→ **EXCERPTED RECORDS**
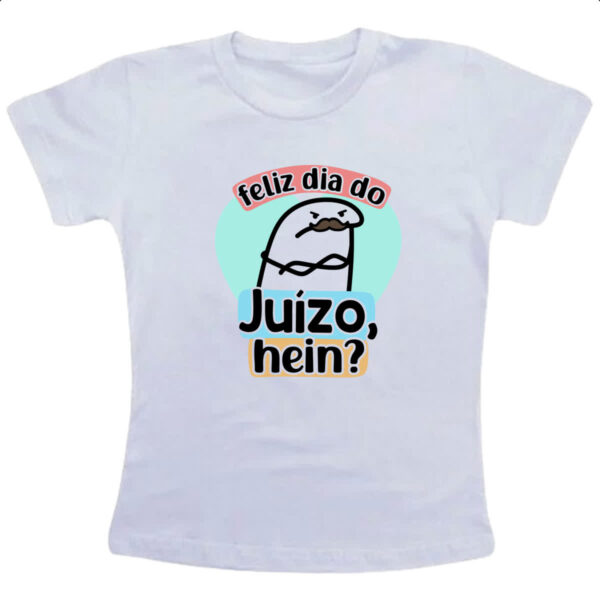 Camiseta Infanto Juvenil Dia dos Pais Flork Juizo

* * *

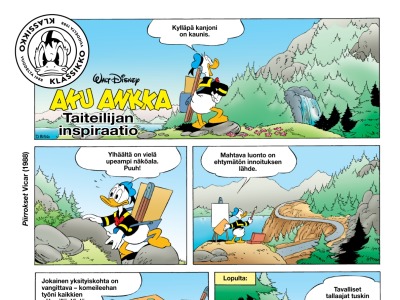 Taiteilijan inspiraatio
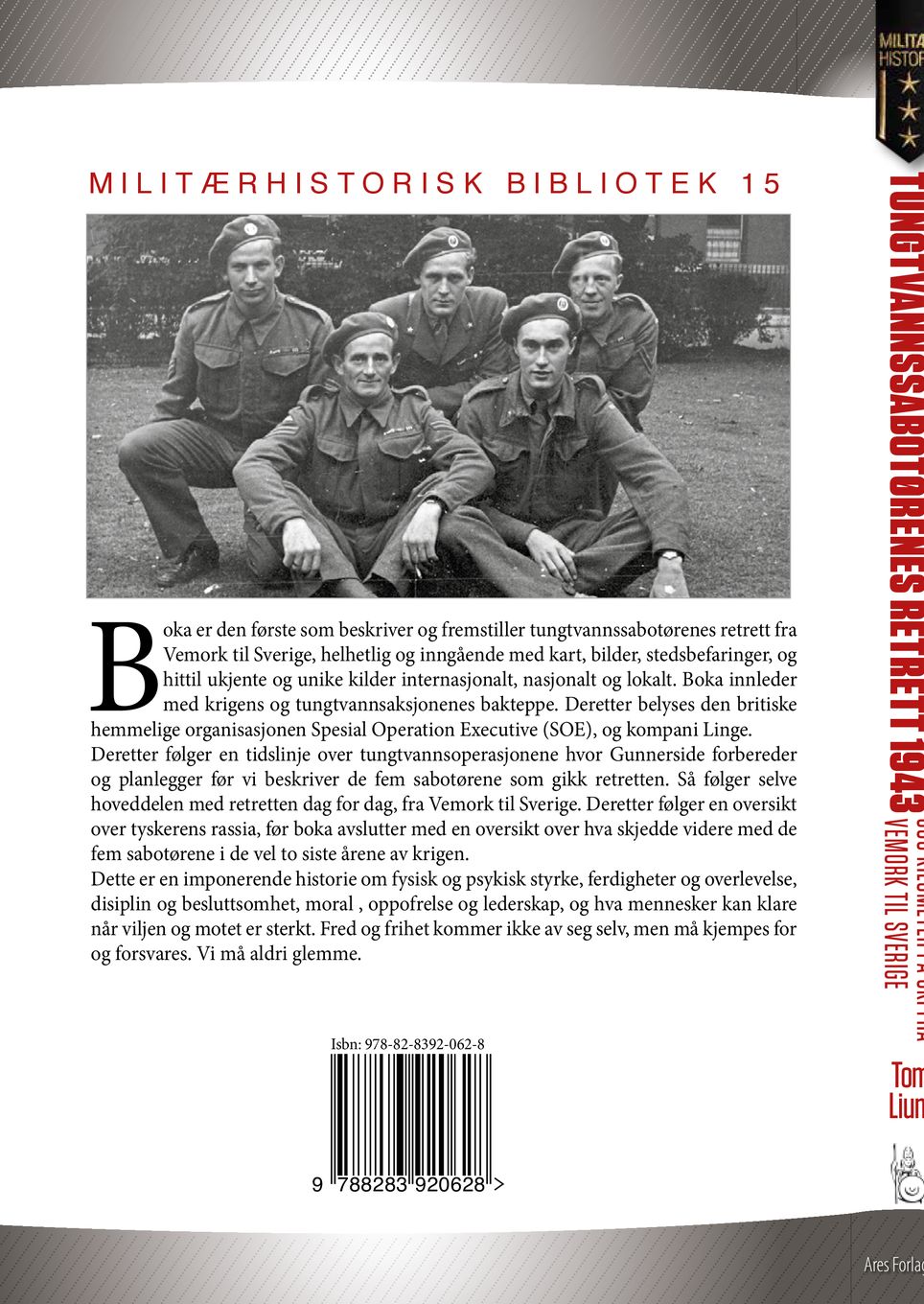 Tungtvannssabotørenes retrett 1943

→ **WHAT YOU WILL DO**
Nothing but the lines from the one containing "Taiteilijan inspiraatio" through the one containing "Tungtvannssabotørenes retrett 1943" should appear, copied exactly from the material above and without pictures.

→ **RESPONSE AREA**
 Taiteilijan inspiraatio
 Tungtvannssabotørenes retrett 1943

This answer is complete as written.